GNWT hopes new targets will increase Indigenous representation
Multi-year plans to increase Indigenous representation in the NWT government are set to be made public by the end of March.
Each GNWT department is expected to create plans that set three-year, five-year and 10-year targets for Indigenous recruitment and retention, part of an overarching initiative introduced in November last year.
On Wednesday, senior staff at the Department of Finance – which is overseeing that initiative – said plans will also aim to ensure Indigenous employees have fair access to senior management positions and support in those roles.
“If we achieve the fundamental goal of being inclusive, and culturally respectful, and representative of the public we’re serving, we’re a better public service for everyone and a better place to work,” said finance minister Caroline Wawzonek.
Wawzonek said the targets will form part of senior managers’ performance evaluations and progress will be publicly tracked.
The territorial government had promised the creation of such targets in 2020. Its affirmative action policy has long been accused of failing to meet the NWT’s needs.
In January, some residents at a public meeting told MLAs that policy is failing, objecting to what they considered to be internal nepotism, a lack of hiring oversight, missing entry-level positions, and the need to decentralize jobs currently based in Yellowknife.
The territory’s latest figures show 29 percent of the GNWT workforce is Indigenous. Three in every four identify as female.
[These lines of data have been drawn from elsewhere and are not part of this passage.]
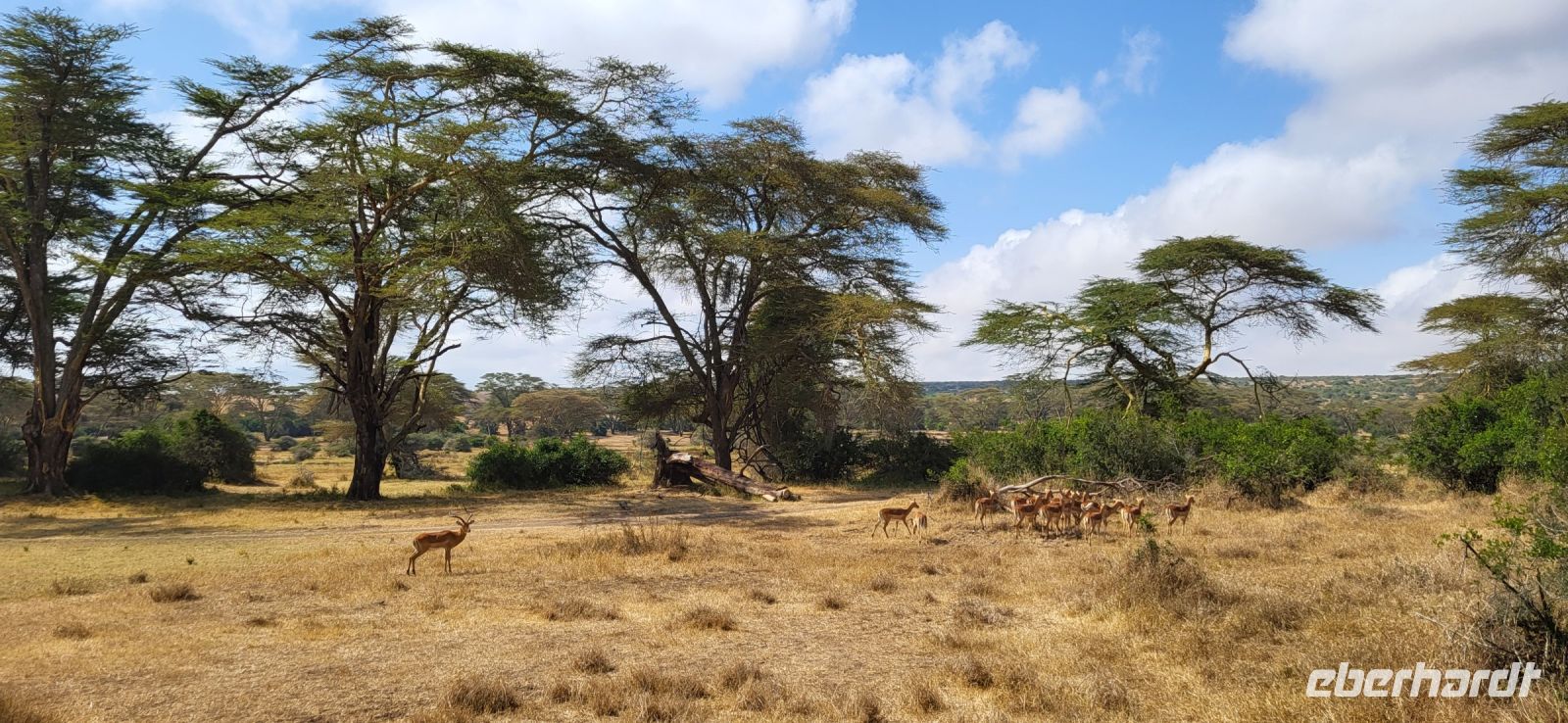 31 Solio Rhino Sanctuary &ndash; &copy; Susanne Schirmann (Eberhardt TRAVEL)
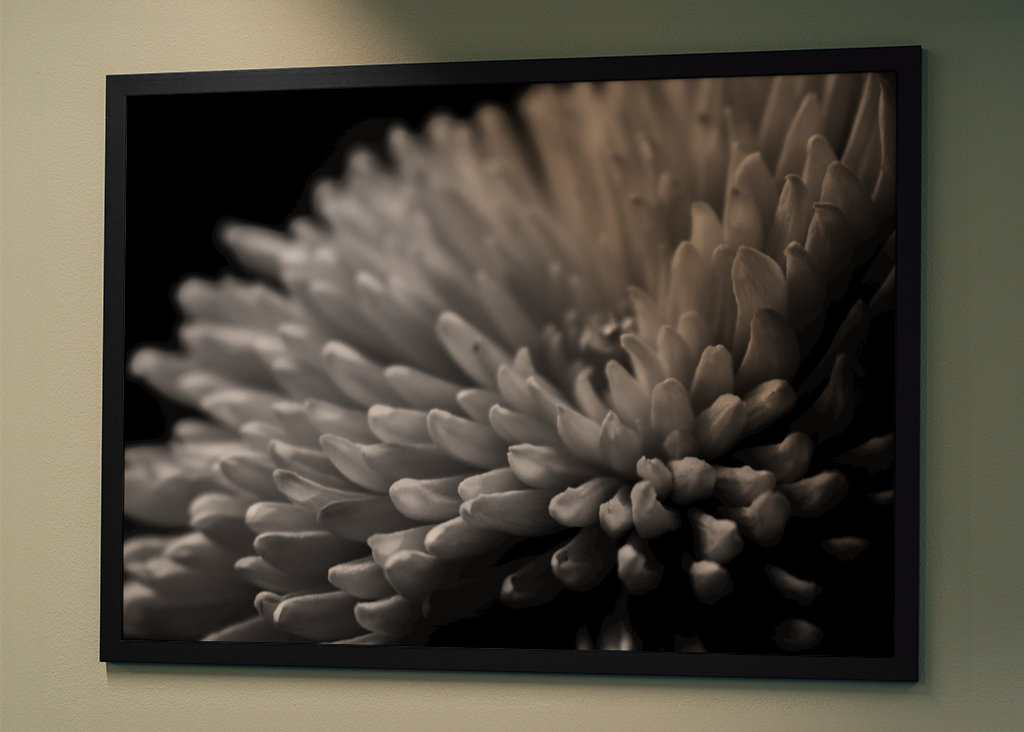 Sort og hvid blomst tæt på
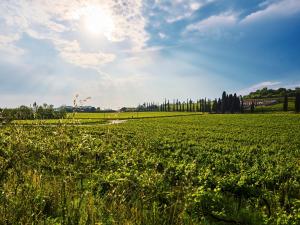 Casa Vittoria-Relax tra Lago di Garda e Verona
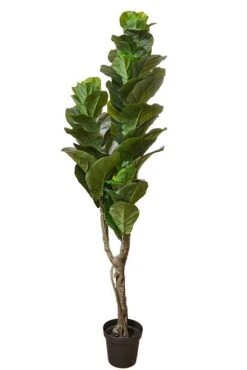 5Ft Fiddle Leaf Plant In Pot Green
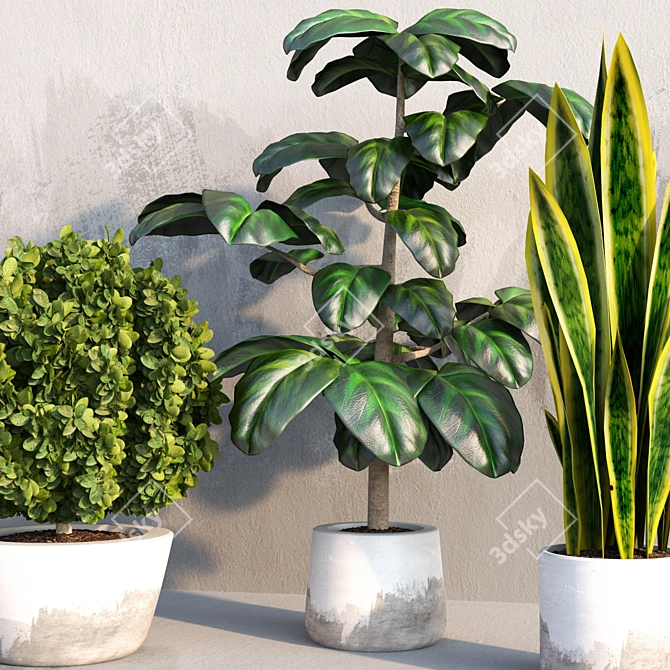 Exquisite Indoor Plant Trio 3D model image 2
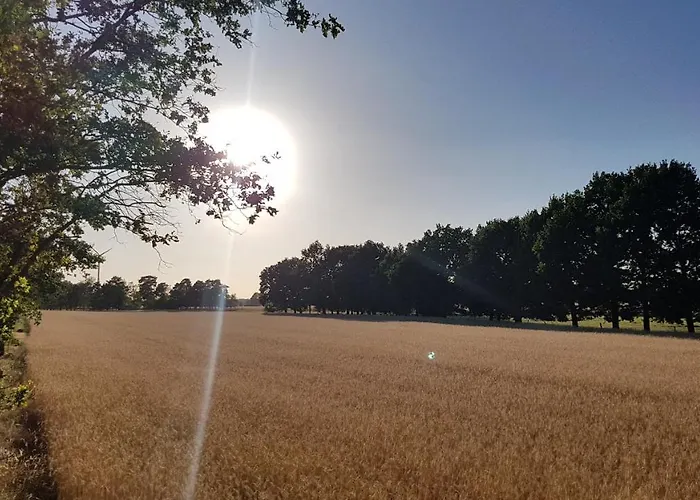 Stadtwohnung In Appartement *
Comparatively, about half of the territory’s population is Indigenous.
As of March 2021, 20 percent of senior management positions at the territorial government were filled by Indigenous people and 20 percent by non-Indigenous residents born in the territory or who have lived here for more than half their life.
MLAs had earlier heard from some employees that they felt the GNWT’s hiring appeal process was ineffective and unfair.
William MacKay, the deputy minister of finance, said this week the appeals process is operated externally and won’t change as part of the planned Indigenous recruitment and retention overhaul.
MacKay said the department is “confident in the appeals process and that it’s fair,” and that privacy issues explained why unsuccessful candidates are no longer told why their appeals are denied.
“The process is transparent, and fair, and independent of the government’s hiring process,” he said.